The encoder_id property has been deprecated. Use the encoder_name property instead.

In order to reference metadata in filter expressions, the attributes are declared at creation time in the filter_attributes array. You can add, edit, and remove filter attributes from the Console UI in the Corpora Settings, or with the Replace Filters Attributes API definition.

Pro and Enterprise users can specify custom_dimensions to allow weighting of document parts during indexing and querying. Like filter attributes, custom dimensions cannot be changed after corpus creation. For more information, see Custom Dimensions. Custom dimensions cannot be changed after the corpus is created.

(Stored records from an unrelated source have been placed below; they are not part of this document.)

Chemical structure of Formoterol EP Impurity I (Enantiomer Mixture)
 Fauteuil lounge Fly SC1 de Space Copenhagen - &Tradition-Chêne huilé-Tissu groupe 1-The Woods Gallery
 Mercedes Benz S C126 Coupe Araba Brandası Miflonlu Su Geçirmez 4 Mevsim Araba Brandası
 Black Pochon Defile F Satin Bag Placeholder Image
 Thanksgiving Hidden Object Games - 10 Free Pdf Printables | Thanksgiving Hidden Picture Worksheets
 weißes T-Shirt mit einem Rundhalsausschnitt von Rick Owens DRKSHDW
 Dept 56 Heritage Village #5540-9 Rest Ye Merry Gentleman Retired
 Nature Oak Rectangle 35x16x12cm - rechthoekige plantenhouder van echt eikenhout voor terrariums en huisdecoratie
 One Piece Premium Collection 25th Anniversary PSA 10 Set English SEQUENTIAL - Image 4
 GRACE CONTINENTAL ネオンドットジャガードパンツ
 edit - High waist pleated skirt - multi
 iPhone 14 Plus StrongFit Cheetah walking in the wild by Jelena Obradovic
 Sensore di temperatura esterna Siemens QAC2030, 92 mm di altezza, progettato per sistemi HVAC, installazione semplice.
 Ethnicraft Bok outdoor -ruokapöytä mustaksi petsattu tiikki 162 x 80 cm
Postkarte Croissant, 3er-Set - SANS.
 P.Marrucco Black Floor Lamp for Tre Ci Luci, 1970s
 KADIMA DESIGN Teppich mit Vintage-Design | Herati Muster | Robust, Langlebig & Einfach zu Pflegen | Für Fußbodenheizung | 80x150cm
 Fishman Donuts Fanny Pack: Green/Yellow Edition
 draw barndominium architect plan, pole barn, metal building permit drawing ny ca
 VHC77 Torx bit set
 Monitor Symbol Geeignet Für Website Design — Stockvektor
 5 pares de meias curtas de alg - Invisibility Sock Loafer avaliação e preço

The response message returns a unique id that you use to reference the corpus. The name does not need to be unique within an account.

Filter Attribute

In order to reference metadata in filter expressions, the referenceable attributes must be declared at creation time in the filter attributes. This list cannot be changed once the corpus is created.

Filter attributes allow you to attach metadata to your data at the document (doc) or part level, which you can use later in filter expressions to narrow the scope of your queries.

A filter attribute must specify a unique name (up to 64 characters long), and a level which indicates whether it exists in the doc or part level metadata. At indexing time, metadata with this name is extracted and made available for filter expressions to operate on.

Doc and Part Filter Levels

The doc attribute applies to the entire document. Use this for metadata that is consistent across the whole document, such as author, publication date, and document ID.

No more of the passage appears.